Si on interroge René Girard, il est fort probable que la réponse risque de tomber aussi rapidement que l’objet lancé de la part de Galilée pour montrer les effets de la gravitation universelle. Pour lui, le mimétisme est contagieux, comme l’était autrefois la peste et l’est maintenant le Sida, heureusement en voie d’être contenu sinon bientôt lancé sur la voie de la guérison.
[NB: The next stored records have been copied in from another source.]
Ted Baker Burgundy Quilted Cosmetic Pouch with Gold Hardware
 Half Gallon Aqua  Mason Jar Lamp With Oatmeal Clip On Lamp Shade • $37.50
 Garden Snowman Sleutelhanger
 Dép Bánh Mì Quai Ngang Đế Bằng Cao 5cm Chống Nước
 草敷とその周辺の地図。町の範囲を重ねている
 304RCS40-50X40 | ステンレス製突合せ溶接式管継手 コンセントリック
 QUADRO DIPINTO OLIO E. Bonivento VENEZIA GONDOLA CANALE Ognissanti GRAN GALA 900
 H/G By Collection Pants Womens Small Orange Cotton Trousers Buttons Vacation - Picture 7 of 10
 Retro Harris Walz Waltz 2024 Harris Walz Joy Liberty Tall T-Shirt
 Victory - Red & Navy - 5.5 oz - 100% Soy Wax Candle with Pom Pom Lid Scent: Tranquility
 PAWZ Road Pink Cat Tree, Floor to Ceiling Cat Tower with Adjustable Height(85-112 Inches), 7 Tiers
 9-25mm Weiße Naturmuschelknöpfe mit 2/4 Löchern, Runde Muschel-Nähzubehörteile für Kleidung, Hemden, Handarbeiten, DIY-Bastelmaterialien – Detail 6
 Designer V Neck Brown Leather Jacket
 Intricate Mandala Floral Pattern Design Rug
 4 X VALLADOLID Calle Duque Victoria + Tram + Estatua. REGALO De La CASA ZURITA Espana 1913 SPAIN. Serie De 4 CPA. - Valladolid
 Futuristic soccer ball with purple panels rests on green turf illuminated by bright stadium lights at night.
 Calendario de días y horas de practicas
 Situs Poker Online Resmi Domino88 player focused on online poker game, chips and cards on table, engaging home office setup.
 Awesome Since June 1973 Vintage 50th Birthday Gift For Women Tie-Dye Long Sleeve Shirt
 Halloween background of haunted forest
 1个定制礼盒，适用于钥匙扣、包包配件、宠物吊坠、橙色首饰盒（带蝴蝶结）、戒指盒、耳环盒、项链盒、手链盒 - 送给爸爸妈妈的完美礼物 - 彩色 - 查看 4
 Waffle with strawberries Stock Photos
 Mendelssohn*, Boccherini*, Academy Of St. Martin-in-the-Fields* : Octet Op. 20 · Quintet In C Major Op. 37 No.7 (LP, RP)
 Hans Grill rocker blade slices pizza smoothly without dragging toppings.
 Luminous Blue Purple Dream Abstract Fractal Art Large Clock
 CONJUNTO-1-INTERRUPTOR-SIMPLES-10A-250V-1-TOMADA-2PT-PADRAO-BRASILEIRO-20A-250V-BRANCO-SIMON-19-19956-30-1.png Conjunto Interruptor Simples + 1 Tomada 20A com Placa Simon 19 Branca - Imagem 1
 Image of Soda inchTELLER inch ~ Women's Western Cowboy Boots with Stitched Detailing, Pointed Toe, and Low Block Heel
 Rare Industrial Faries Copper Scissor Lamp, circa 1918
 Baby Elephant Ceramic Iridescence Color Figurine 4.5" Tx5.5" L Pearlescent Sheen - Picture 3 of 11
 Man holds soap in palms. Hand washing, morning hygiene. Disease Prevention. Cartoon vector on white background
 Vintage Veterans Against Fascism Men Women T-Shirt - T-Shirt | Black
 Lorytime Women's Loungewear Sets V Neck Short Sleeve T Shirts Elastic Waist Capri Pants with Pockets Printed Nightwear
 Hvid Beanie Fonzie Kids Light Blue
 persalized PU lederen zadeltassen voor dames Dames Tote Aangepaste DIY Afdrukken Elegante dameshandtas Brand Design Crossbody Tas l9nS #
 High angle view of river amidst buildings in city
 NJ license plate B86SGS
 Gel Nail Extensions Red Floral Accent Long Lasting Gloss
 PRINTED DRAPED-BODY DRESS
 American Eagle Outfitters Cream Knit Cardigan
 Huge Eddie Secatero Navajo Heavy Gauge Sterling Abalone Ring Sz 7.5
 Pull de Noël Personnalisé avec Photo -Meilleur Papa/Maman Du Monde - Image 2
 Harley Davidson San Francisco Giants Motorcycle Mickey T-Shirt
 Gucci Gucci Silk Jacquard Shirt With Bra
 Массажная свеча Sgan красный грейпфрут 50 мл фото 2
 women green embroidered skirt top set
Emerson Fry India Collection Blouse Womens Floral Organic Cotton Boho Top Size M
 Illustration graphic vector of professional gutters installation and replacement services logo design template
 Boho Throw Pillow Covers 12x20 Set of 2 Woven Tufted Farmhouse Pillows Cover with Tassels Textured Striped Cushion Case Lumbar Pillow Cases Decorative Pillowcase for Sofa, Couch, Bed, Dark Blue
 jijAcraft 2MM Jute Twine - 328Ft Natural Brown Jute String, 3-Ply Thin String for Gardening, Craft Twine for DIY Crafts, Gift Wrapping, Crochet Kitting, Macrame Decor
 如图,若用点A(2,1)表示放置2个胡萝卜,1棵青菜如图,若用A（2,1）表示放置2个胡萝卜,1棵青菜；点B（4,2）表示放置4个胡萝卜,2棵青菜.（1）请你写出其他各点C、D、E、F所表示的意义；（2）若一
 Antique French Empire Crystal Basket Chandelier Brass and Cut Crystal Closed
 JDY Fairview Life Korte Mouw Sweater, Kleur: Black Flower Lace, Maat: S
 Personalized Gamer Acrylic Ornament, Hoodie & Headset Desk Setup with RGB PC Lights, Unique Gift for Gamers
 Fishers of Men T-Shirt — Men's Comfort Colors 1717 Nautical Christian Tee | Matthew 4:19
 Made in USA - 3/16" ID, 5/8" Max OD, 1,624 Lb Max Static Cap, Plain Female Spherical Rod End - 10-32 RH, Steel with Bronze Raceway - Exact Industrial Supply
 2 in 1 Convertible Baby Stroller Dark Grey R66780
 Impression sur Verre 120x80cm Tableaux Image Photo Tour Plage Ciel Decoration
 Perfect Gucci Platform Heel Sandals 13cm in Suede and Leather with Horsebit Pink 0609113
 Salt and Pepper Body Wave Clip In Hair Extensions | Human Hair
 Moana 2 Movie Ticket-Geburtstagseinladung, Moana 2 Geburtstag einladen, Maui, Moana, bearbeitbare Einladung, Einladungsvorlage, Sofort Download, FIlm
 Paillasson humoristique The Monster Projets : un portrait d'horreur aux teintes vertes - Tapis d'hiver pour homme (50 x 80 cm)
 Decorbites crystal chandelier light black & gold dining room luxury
Quelle épidémie venue d’où ?

Nous voici avec un 2è personnage de l’état, certes moins gradé que le premier qui est tombé à New York sous le apâts d’une employée de l’Hôtel du groupe Accor où logeait fort luxueusement le Directeur du FMI dont tout le monde admirait le pouvoir. Il avait autrefois été envoyé à la direction de cet organisme avec la bénédiction et les souhaits de bon voyage par la France que cependant il n’est pas ou plus censé représenter si l’on en croit les paroles du Président de la République. Nous sommes entrés dans une nouvelle ère, celle du féminisme au cours duquel les femmes, lassées par les innombrables assauts qu’elles subissent de la part des mâles « en rut comme on les a appelés » refusent désormais de s’aligner sur le désir des hommes. Un illustré américain prétend même que le temps est révolu où le genre féminin doit être considéré comme invariant d’un morceau de chocolat qu’on peut sucer ou avaler à sa guise sans lui rendre une dignité depuis longtemps perdue.

Dignité des femmes

Il s’agit pour elles de reconquérir leur indépendance, de renoncer à leur soumission à l’homme, dont parait-il les chromosomes sont proches de ceux du chimpanzé ce qui en dit long sur la considération dont bénéficie notre ancêtre que l’on n’hésite plus depuis longtemps à mettre en cage pour raison d’exhibition. On tend à faire de même pour l’homme présumé innocent mais en réalité déjà reconnu coupable en attendant que les droits de la défense puissent entrer en jeu pour contre-attaquer vigoureusement à l’aide d’avocats hors de prix et dont ne peuvent bénéficier que les possiblement coupables. De quoi ? Aux États-Unis, le délit sexuel est considéré comme un des plus sévères en raison de la forte pression religieuse qui pèse sur une population originaire en grande partie de pays où régnait la pauvreté, où la famine était prégnante et qui durent fuir leur communauté vers un pays neuf dont ils ont tenté de construire les nouvelles lois et la nouvelle foi. Nous voici donc avec deux frères dans le malheur extrême dont on se demande bien les motivations d’un agir étrange que la presse américaine met sur le compte de la toute puissance politico-médiatique capable de mener à tous les excès, lever tous le freins et se permettre en effet de considérer la femme comme objet sinon sexuel du moins de désir et de gourmandise.

De grande importance

Dès lors, on se demande pourquoi les États-Unis attachent tant d’importance à garder par devers eux des exemplaires d’une culture si déplaisante que l’on préfère la regarder de loin même si le talentueux Tocqueville avait autrefois dressé un portrait si attachant de l’Amérique qu’il avait parcouru en tous sens et dont il avait analysé avec une extrême perspicacité les modes de fonctionnement. Depuis ce temps à considérer comme révolu, de nouvelles grilles d’analyse sont apparues qui viennent aussi bien des facultés de l’ouest que de celles du centre de l’Europe, ne serait-ce que celles diffusées à partir de Vienne, capitale cosmopolite d’une Monarchie qui a donné au monde des scientifiques, des écrivains, des philosophes, des musiciens et des médecins, parmi le dernier n’était pas l’inventeur de la psychanalyse, le Docteur Sigmund Freud. Ce dernier, au grand dam des savants et des personnes les plus cultivées dans les domaines de l’esprit, de la spiritualité et de la neurologie a expliqué que nous ne voyions de notre esprit que la partie émergée de l’iceberg et qu’au-dessous, se nouait en permanence un scénario dont la signification nous échappait souvent sinon toujours.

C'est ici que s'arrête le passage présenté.